=== Begin Enclosure ===

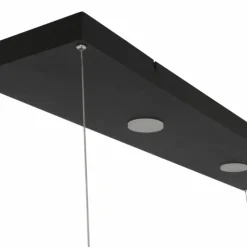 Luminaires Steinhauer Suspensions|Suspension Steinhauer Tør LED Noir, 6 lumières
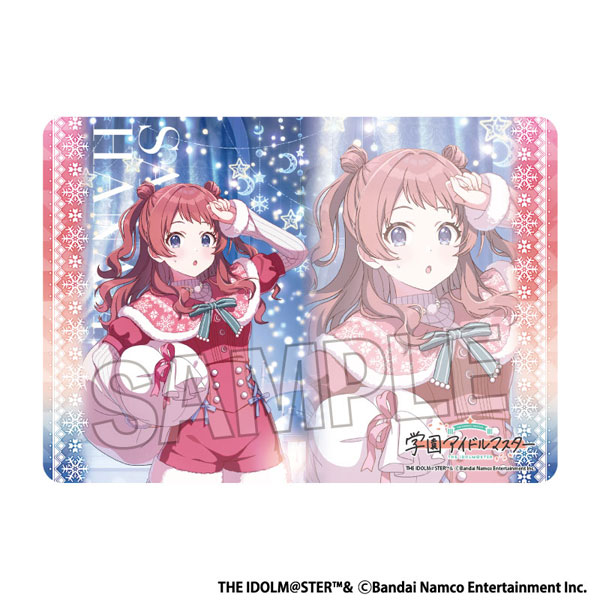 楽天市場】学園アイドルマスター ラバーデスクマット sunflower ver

=== End Enclosure ===
=== Begin Enclosure ===

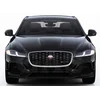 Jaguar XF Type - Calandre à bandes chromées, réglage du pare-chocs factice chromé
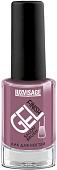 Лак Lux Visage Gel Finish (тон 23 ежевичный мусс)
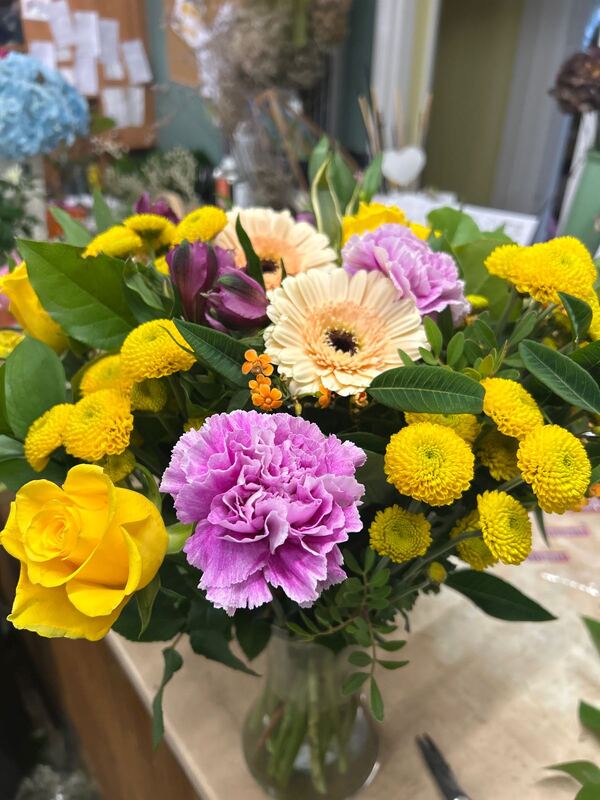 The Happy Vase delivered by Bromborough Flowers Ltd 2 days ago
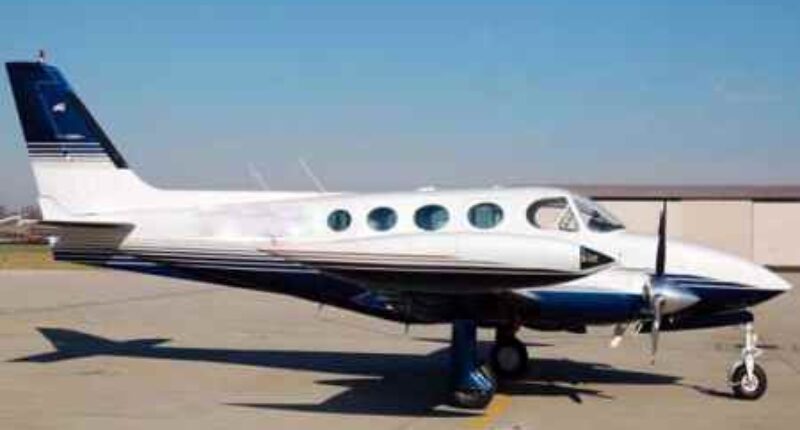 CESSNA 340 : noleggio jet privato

=== End Enclosure ===

▸ Your objective:
From the data above, retype only the lines starting with the line with "Jaguar XF Type" and going on through the line with "CESSNA 340 : noleggio jet privato", exactly, leaving out the pictures.

▸ Your solution:
 Jaguar XF Type - Calandre à bandes chromées, réglage du pare-chocs factice chromé
 Лак Lux Visage Gel Finish (тон 23 ежевичный мусс)
 The Happy Vase delivered by Bromborough Flowers Ltd 2 days ago
 CESSNA 340 : noleggio jet privato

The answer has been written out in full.